Restate word for word the lines of the entries below, starting with the line that holds "Used 2022 Chevrolet" and ending with the line that holds "7533 Hardwood Circle", and no others.

***

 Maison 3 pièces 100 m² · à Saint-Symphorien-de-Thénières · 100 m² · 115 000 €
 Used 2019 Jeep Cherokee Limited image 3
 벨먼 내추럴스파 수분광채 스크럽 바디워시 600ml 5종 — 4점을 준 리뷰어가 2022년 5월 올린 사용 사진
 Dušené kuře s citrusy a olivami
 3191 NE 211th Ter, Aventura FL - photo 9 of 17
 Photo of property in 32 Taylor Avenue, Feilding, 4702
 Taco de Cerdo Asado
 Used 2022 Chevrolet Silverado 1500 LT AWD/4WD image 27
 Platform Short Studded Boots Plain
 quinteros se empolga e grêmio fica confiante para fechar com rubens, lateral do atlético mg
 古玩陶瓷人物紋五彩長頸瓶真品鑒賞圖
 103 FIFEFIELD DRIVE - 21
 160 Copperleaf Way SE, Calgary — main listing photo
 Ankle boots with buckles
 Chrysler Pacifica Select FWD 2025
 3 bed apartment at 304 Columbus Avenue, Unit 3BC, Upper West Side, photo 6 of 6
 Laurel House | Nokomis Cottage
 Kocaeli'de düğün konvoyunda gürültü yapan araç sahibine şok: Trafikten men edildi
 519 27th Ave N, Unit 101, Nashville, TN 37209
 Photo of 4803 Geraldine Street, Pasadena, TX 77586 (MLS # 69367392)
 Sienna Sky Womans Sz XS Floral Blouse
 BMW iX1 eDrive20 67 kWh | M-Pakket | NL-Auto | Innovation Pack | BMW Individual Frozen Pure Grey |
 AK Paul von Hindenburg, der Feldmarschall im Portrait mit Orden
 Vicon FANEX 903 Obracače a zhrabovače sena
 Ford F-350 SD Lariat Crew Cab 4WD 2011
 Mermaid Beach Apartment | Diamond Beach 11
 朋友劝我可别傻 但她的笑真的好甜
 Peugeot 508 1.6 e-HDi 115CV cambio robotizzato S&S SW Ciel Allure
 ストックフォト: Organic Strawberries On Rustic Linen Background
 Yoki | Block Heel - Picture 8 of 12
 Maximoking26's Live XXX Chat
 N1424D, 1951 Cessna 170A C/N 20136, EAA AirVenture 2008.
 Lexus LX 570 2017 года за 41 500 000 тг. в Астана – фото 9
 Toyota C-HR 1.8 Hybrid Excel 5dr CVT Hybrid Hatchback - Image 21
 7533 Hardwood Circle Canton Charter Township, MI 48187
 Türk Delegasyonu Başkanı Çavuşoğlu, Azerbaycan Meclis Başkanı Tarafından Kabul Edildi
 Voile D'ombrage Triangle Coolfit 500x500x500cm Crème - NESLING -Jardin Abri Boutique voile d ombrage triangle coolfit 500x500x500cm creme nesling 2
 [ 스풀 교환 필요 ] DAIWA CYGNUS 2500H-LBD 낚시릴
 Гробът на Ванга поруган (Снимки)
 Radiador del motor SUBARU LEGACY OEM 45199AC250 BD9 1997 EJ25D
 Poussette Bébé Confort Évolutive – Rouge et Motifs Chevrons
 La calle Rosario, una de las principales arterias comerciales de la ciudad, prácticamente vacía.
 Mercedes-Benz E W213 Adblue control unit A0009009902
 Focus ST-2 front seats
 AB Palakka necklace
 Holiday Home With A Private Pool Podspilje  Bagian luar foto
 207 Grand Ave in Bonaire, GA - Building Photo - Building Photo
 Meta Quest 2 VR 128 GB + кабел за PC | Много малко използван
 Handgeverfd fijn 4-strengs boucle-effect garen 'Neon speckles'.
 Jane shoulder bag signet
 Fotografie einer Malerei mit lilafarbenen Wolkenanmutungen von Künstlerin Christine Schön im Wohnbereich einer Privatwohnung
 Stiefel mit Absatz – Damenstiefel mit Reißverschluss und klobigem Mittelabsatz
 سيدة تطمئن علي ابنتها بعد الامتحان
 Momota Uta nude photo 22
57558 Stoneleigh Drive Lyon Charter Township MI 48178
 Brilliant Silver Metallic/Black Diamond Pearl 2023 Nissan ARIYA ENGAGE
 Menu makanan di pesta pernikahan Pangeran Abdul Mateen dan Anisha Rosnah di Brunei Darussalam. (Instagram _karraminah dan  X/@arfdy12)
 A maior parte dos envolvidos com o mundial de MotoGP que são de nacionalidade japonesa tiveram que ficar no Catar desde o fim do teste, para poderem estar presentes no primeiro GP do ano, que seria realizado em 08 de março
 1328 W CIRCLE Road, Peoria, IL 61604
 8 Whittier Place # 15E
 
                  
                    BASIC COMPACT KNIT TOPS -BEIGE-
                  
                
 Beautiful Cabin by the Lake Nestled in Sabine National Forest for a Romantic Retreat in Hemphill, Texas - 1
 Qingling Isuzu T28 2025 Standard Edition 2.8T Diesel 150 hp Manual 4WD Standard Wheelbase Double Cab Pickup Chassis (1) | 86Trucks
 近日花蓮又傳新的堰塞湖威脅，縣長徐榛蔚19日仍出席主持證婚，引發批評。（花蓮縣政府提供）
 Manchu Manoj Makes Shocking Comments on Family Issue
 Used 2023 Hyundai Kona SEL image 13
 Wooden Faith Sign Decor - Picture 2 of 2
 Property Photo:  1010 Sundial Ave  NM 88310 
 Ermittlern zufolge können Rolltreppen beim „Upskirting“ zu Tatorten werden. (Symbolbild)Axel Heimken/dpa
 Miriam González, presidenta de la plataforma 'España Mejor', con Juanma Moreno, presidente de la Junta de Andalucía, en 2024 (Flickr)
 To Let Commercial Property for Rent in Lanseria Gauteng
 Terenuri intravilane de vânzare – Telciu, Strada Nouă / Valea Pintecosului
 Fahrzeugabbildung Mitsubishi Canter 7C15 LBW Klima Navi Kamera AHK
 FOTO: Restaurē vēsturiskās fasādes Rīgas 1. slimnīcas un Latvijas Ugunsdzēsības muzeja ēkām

***

**Expected output**
 Used 2022 Chevrolet Silverado 1500 LT AWD/4WD image 27
 Platform Short Studded Boots Plain
 quinteros se empolga e grêmio fica confiante para fechar com rubens, lateral do atlético mg
 古玩陶瓷人物紋五彩長頸瓶真品鑒賞圖
 103 FIFEFIELD DRIVE - 21
 160 Copperleaf Way SE, Calgary — main listing photo
 Ankle boots with buckles
 Chrysler Pacifica Select FWD 2025
 3 bed apartment at 304 Columbus Avenue, Unit 3BC, Upper West Side, photo 6 of 6
 Laurel House | Nokomis Cottage
 Kocaeli'de düğün konvoyunda gürültü yapan araç sahibine şok: Trafikten men edildi
 519 27th Ave N, Unit 101, Nashville, TN 37209
 Photo of 4803 Geraldine Street, Pasadena, TX 77586 (MLS # 69367392)
 Sienna Sky Womans Sz XS Floral Blouse
 BMW iX1 eDrive20 67 kWh | M-Pakket | NL-Auto | Innovation Pack | BMW Individual Frozen Pure Grey |
 AK Paul von Hindenburg, der Feldmarschall im Portrait mit Orden
 Vicon FANEX 903 Obracače a zhrabovače sena
 Ford F-350 SD Lariat Crew Cab 4WD 2011
 Mermaid Beach Apartment | Diamond Beach 11
 朋友劝我可别傻 但她的笑真的好甜
 Peugeot 508 1.6 e-HDi 115CV cambio robotizzato S&S SW Ciel Allure
 ストックフォト: Organic Strawberries On Rustic Linen Background
 Yoki | Block Heel - Picture 8 of 12
 Maximoking26's Live XXX Chat
 N1424D, 1951 Cessna 170A C/N 20136, EAA AirVenture 2008.
 Lexus LX 570 2017 года за 41 500 000 тг. в Астана – фото 9
 Toyota C-HR 1.8 Hybrid Excel 5dr CVT Hybrid Hatchback - Image 21
 7533 Hardwood Circle Canton Charter Township, MI 48187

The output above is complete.